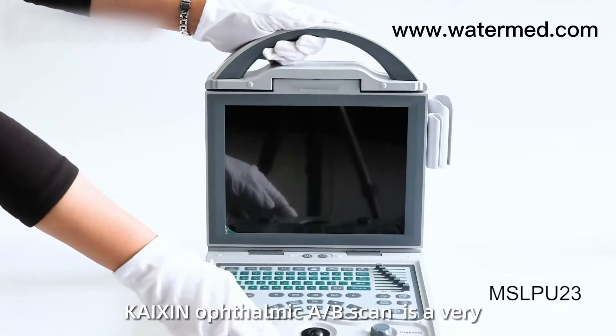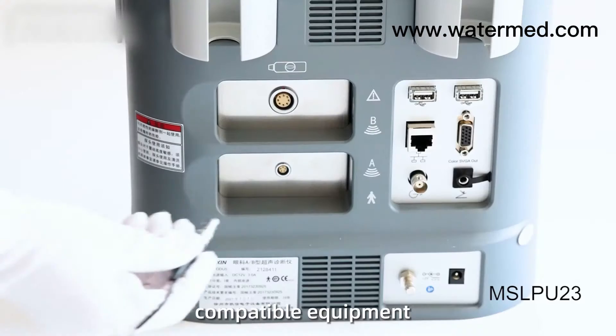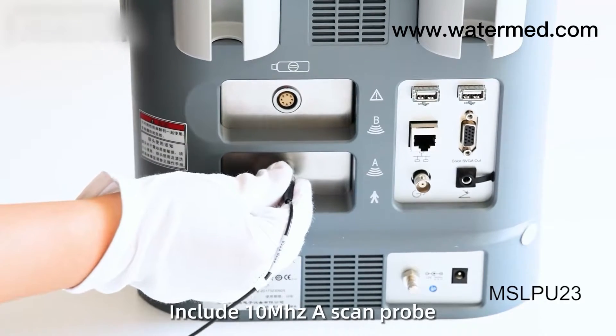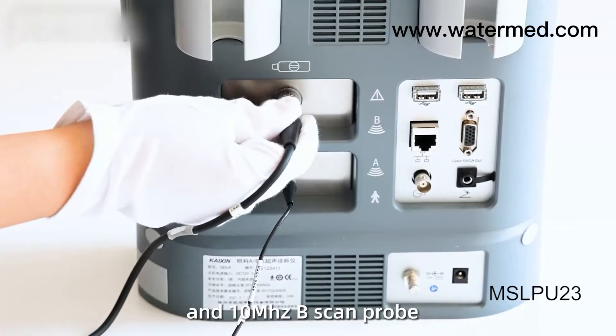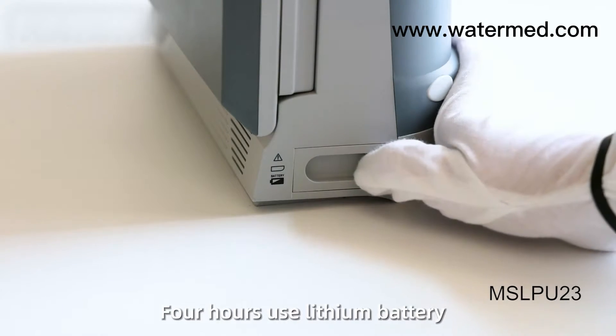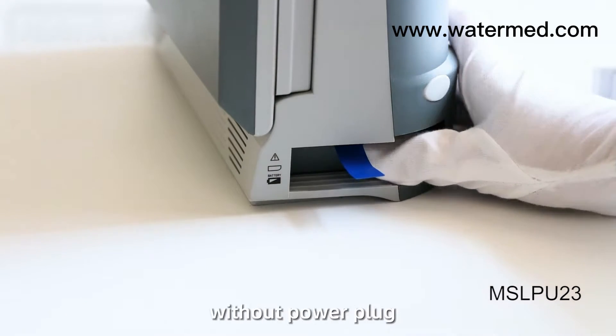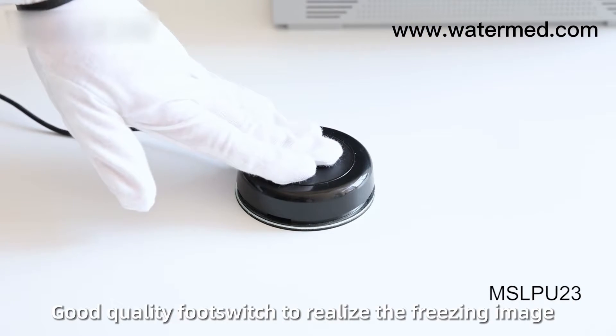UDI-U5 Kaixin Ophthalmic A-B Scan is a very compatible equipment, including a 10MHz A-Scan probe and 10MHz B-Scan probe. It features a 4-hour lithium battery, which supports the equipment working independently with a foot switch to realize image freezing.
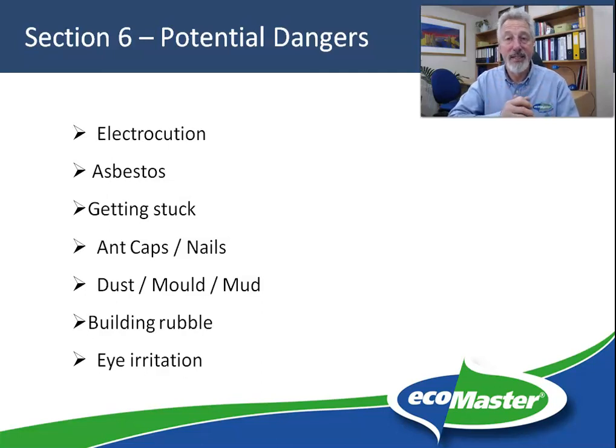Asbestos is a high risk. The most common form of asbestos under the floor is broken pieces of fibro — fiber cement — and these are usually thrown under there from wet area renovations, where under the floor is the most convenient disposal method.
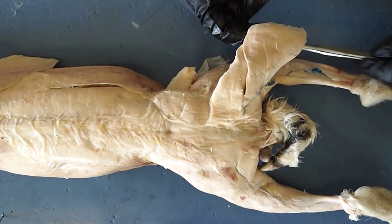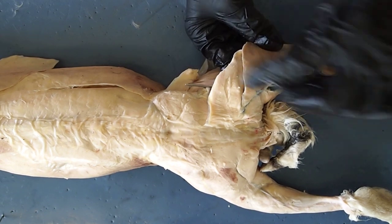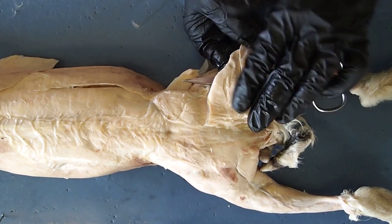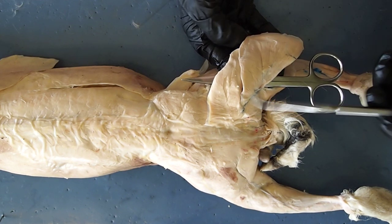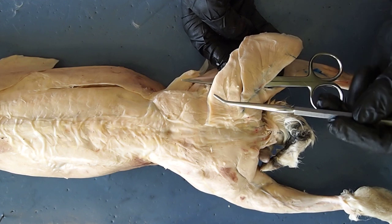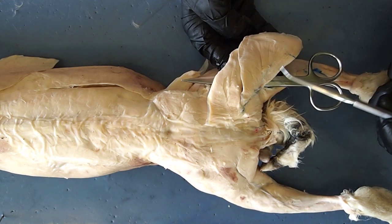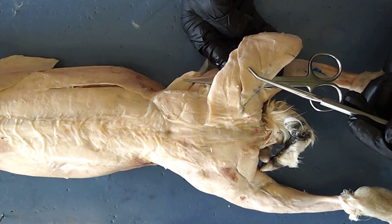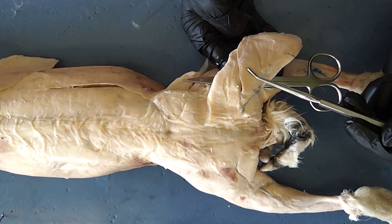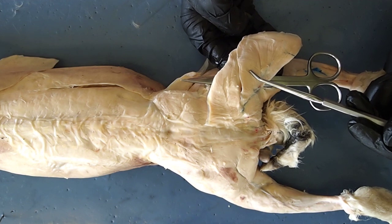One of the large muscles you're going to find down on the leg is this one here, and it is divided up into multiple heads. For our purposes, you're only responsible for knowing the full name of this muscle, which is called your biceps femoris. This is a muscle that makes up your hamstrings. So if you do squats, this is one of those muscles that you are going to be conditioning.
=====
Work to be completed:
In your copy, reproduce the data above exactly and skip every picture.

Completed exercise:
UDI-U5 Kaixin Ophthalmic A-B Scan is a very compatible equipment, including a 10MHz A-Scan probe and 10MHz B-Scan probe. It features a 4-hour lithium battery, which supports the equipment working independently with a foot switch to realize image freezing.
Asbestos is a high risk. The most common form of asbestos under the floor is broken pieces of fibro — fiber cement — and these are usually thrown under there from wet area renovations, where under the floor is the most convenient disposal method.
One of the large muscles you're going to find down on the leg is this one here, and it is divided up into multiple heads. For our purposes, you're only responsible for knowing the full name of this muscle, which is called your biceps femoris. This is a muscle that makes up your hamstrings. So if you do squats, this is one of those muscles that you are going to be conditioning.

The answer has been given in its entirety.